Option 3: Deep codebase research with skills and subagents. Even without a pre-built index, you can still get high-quality context by structuring how the agent explores the codebase. Instead of letting it grep blindly, use a systematic research workflow that dispatches specialized subagents to map architecture, trace dependencies, and document conventions before any code gets written. Atomic’s research-codebase skill is one example: it uses a set of coordinated subagents to build contextual understanding before planning and implementation.

Both approaches serve the same goal: closing the gap between what the agent sees and what it needs to understand. Pick based on your team’s constraints, but avoid unstructured file-by-file discovery as the default.

For external context: don’t rely on training data for library knowledge. Use tools like Context Hub or Better Context to give your agent access to current, accurate API documentation or source code. This is especially critical for fast-moving libraries where the API surface changes between releases.

For workflow: invest in the research phase. Horthy’s Research-Plan-Implement framework and French-Owen’s planning-first workflow both point the same direction — the quality of your agent’s output is bounded by the quality of its understanding, and understanding is bounded by context.

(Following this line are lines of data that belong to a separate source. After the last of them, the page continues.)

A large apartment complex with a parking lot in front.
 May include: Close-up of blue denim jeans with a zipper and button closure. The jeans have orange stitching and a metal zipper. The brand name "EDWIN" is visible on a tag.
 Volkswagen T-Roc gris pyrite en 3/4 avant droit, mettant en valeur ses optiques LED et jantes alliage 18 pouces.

We spent 2025 assuming models would get good enough to figure it out on their own. The evidence from early 2026 suggests otherwise. The agents that work well are the ones with good context infrastructure underneath them. The model is the engine, but context is the fuel. Better fuel produces better output — regardless of the engine.

References

1. DeusData. codebase-memory-mcp. GitHub. Benchmarked across 64 real-world repositories.
2. Linghua Jin. CocoIndex-Code. GitHub. AST-based code MCP with semantic search.
3. Andrew Ng et al. Context Hub. GitHub.
4. Ben Davis. Better Context. GitHub. Source-code-based library exploration.
5. Dex Horthy. Advanced Context Engineering for Coding Agents. HumanLayer Blog. August 29, 2025.
6. Aristidis Vasilopoulos. Codified Context: Infrastructure for AI Agents in a Complex Codebase. arXiv. February 24, 2026.
7. Calvin French-Owen. Coding Agents in Feb 2026. February 17, 2026.
8. Morph. WarpGrep Overview. Morph Documentation.
9. Morph. WarpGrep API Reference. Morph Documentation.
10. Morph. WarpGrep Tool Integrations. Morph Documentation.
11. Morph. WarpGrep Examples. GitHub.
12. Andrew Gallant. ripgrep. GitHub.